The web interface for ChatGPT has an easy pdf upload. Is there an API from openAI that can receive pdfs?
I know there are 3rd party libraries that can read pdf but given there are images and other important information in a pdf, it might be better if a model like GPT 4 Turbo was fed the actual pdf.
I'll state my use case to add more context. I intent to do RAG. Here is my pdf, here is the prompt. Normally I'd append the text at the end of the prompt. I could still do that with a pdf if I extract it myself.
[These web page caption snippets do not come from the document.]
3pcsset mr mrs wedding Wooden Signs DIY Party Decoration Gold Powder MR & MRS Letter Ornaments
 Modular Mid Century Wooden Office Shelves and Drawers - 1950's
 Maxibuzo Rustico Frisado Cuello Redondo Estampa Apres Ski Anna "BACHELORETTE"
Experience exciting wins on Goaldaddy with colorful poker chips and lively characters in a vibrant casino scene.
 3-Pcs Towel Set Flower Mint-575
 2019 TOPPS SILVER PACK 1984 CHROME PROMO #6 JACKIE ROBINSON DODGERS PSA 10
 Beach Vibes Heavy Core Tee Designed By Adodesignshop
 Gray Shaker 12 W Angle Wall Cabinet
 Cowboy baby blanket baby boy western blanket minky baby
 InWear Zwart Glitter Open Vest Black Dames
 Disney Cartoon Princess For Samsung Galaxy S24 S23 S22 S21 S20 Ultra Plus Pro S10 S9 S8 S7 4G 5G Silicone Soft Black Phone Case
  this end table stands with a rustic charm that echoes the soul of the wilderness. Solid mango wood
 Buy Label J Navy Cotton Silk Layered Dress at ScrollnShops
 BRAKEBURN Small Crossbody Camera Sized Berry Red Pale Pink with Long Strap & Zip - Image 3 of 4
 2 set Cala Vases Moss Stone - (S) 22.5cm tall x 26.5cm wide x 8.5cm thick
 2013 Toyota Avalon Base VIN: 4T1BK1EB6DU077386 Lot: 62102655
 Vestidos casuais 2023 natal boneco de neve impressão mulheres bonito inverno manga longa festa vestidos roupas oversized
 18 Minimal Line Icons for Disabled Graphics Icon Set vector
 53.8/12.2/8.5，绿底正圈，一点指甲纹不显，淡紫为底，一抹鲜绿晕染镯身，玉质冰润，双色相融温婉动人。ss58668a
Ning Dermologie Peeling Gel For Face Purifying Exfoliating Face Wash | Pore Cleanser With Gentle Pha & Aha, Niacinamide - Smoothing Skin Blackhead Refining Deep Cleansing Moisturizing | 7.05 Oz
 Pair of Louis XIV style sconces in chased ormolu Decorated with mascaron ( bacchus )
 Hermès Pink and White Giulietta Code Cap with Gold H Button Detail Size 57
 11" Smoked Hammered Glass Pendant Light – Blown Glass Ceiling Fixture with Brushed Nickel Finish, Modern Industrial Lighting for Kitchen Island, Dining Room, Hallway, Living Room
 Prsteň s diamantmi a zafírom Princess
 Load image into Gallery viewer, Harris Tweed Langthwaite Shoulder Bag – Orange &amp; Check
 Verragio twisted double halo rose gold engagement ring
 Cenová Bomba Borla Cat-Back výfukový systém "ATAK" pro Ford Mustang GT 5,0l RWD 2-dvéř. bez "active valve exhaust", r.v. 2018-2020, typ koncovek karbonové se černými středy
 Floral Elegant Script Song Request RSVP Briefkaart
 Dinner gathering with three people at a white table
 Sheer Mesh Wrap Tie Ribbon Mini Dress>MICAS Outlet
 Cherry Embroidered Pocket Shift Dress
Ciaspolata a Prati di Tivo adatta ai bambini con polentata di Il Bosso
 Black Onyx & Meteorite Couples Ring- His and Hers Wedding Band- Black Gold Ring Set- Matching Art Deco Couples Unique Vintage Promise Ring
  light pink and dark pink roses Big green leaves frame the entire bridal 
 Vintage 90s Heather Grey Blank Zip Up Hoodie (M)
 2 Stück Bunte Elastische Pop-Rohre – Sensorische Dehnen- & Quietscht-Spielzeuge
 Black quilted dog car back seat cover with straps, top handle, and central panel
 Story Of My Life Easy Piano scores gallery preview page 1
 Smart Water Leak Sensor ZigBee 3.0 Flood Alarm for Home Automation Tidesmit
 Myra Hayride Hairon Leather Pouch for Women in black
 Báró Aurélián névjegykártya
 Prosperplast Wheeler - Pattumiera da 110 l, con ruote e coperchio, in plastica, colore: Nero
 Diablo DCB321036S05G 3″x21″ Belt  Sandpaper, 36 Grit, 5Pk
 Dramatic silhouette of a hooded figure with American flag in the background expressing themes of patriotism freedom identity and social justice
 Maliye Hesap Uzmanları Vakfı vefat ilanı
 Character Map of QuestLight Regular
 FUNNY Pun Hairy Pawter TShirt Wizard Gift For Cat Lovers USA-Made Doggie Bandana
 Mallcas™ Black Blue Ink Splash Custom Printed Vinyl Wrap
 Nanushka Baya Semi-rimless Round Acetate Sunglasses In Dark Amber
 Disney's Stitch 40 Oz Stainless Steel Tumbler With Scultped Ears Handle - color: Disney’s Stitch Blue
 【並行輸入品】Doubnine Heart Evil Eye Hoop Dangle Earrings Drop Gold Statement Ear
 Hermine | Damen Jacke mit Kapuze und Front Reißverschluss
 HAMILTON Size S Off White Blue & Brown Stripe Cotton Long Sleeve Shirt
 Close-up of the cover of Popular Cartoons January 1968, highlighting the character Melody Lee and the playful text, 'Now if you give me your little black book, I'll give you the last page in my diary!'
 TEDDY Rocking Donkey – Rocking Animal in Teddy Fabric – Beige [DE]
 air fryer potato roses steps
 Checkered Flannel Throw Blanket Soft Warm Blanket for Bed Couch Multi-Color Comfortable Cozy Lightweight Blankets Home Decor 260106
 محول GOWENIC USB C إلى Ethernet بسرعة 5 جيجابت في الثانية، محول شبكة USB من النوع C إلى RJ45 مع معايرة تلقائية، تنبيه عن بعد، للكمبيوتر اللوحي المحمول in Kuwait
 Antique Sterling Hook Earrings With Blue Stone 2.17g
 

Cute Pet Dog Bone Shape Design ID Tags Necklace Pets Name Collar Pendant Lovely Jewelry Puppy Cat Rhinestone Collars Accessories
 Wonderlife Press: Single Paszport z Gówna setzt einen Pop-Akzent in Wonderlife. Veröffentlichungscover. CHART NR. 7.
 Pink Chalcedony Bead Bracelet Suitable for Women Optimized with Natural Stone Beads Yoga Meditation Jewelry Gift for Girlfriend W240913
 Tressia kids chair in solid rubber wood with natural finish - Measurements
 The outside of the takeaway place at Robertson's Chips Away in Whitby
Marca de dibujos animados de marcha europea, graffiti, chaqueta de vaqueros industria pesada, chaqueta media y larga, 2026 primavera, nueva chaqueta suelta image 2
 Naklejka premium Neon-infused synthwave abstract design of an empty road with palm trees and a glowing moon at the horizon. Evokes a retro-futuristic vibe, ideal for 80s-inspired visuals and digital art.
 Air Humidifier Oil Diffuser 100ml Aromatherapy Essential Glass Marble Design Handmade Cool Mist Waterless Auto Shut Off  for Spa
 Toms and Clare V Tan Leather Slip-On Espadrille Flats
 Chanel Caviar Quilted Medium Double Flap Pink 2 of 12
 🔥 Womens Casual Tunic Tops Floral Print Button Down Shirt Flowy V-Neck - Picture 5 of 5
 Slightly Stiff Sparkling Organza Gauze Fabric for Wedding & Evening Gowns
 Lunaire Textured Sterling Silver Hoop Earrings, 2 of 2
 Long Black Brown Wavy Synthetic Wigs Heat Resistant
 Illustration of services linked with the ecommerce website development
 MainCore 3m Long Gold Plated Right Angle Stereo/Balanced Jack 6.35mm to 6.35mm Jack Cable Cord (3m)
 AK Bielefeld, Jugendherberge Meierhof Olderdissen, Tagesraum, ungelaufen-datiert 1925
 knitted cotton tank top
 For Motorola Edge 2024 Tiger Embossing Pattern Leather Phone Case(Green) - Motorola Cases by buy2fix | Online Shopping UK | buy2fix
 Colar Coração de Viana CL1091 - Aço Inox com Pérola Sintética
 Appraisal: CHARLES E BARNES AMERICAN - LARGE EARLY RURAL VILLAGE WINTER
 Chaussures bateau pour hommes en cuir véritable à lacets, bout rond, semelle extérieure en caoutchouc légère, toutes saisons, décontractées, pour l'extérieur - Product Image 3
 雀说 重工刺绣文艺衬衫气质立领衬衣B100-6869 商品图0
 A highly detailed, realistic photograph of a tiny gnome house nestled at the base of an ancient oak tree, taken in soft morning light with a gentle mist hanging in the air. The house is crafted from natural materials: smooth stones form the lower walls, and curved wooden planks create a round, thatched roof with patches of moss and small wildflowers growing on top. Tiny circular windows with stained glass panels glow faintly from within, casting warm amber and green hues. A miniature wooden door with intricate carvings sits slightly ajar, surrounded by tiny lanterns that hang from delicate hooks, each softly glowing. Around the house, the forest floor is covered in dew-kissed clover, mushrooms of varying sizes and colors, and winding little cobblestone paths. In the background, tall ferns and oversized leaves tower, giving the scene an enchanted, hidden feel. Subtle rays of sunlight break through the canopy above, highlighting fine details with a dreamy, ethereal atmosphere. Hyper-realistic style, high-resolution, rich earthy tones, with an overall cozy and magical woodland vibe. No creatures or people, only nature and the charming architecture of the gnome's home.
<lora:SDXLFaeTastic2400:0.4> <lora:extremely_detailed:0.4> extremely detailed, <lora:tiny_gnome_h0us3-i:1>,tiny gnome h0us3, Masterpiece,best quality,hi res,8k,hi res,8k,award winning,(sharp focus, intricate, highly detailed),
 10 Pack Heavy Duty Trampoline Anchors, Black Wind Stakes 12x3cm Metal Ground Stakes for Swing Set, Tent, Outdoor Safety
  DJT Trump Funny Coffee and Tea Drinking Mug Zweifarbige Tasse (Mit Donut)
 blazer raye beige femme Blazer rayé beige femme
Is this how I'm suppose to do it? Code from here https://platform.openai.com/docs/assistants/tools/code-interpreter
# Upload a file with an "assistants" purpose
file = client.files.create(
file=open("example.pdf", "rb"),
purpose='assistants'
)
# Create an assistant using the file ID
assistant = client.beta.assistants.create(
instructions="You are a personal math tutor. When asked a math question, write and run code to answer the question.",
model="gpt-4-1106-preview",
tools=[{"type": "code_interpreter"}],
file_ids=[file.id]
)
There is an upload endpoint as well, but it seems the intent of those are for fine-tuning and assistants. I think the RAG use case is a normal one and not necessarily related to assistants.
One solution: Convert the pdf to images and feed it to the vision model as multi image inputs https://platform.openai.com/docs/guides/vision.
Since its the same model with vision capabilities, this should be sufficient to do both text and image analysis.
You could also choose to extract images from pdf and feed those separately making a multi-model architecture. I have a preference for the first. Ideally experiments should be run to see what produces better results.
Text only + images only VS Images (containing both)
Pdf to image can be done in python locally as can separating img from pdf. It isn't a difficult task requiring support from someone like openAI.